BdR76 / CSVLint

CSV Lint plug-in for Notepad++ for syntax highlighting, csv validation, automatic column and datatype detecting, fixed width datasets, change datetime format, decimal separator, sort data, count unique values, convert to xml, json, sql etc. A plugin for data cleaning and working with messy data files.
GNU General Public License v3.0
149 stars 8 forks source link

Validate Data does not recognize scientific number format #45

Open Friedi opened 1 year ago

Friedi commented 1 year ago

Hi,

it seems the classification as FLOAT does not recognize scientific number formats like 1.24E-3. (just for info: 1.24E-3 = 1.24*10^(-3) = 0.00124) ** error line 2746: Column 3 value "5.55462962962963E-7" not a valid decimal value

It would be nice if it was supported or at least excluded as an error during validation.

Thanks

BdR76 commented 1 year ago

Thanks for posting this issue, you're right the plugin doesn't recognise floats in scientific notation. A similar issue still stands for currency values, like €1,234.50 or JPY 1.789.935.

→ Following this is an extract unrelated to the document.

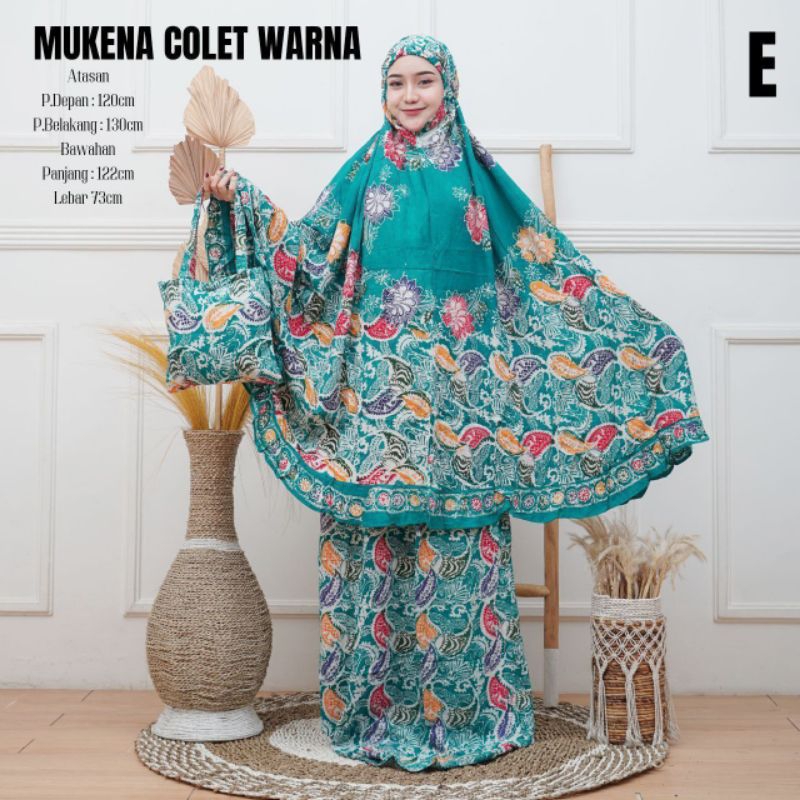 COD Mukena Cap Batik Pekalongan Mukena Batik Pekalongan Jumbo Mukena Batik Cap Sogan Mukena Batik de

The plug-in will treat both as a text/string value, so currently those kind of values cannot be validated. I'll look into this when I have the time, can't promise anything but I'll see what I can do.

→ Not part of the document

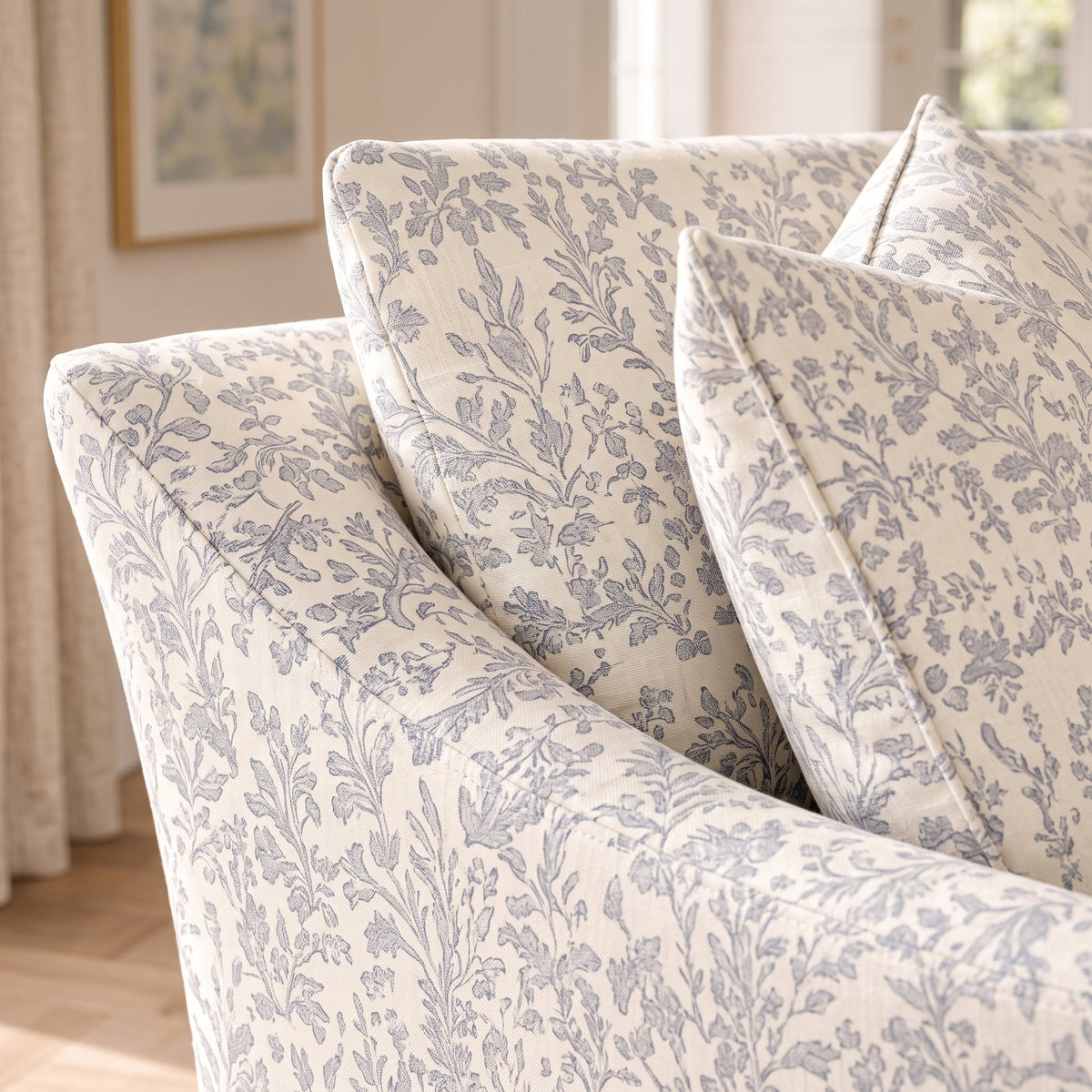 The Nolen Chair in Ruby Nell - Lemon Park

Btw does your data contain floats in both scientific notation and non-scientific notation in the same column? So values like 0.12, 1.3 and 3.45E-8, 5.73E-10 etc. in the same column?

Friedi commented 1 year ago

Btw does your data contain floats in both scientific notation and non-scientific notation in the same column? So values like 0.12, 1.3 and 3.45E-8, 5.73E-10 etc. in the same column?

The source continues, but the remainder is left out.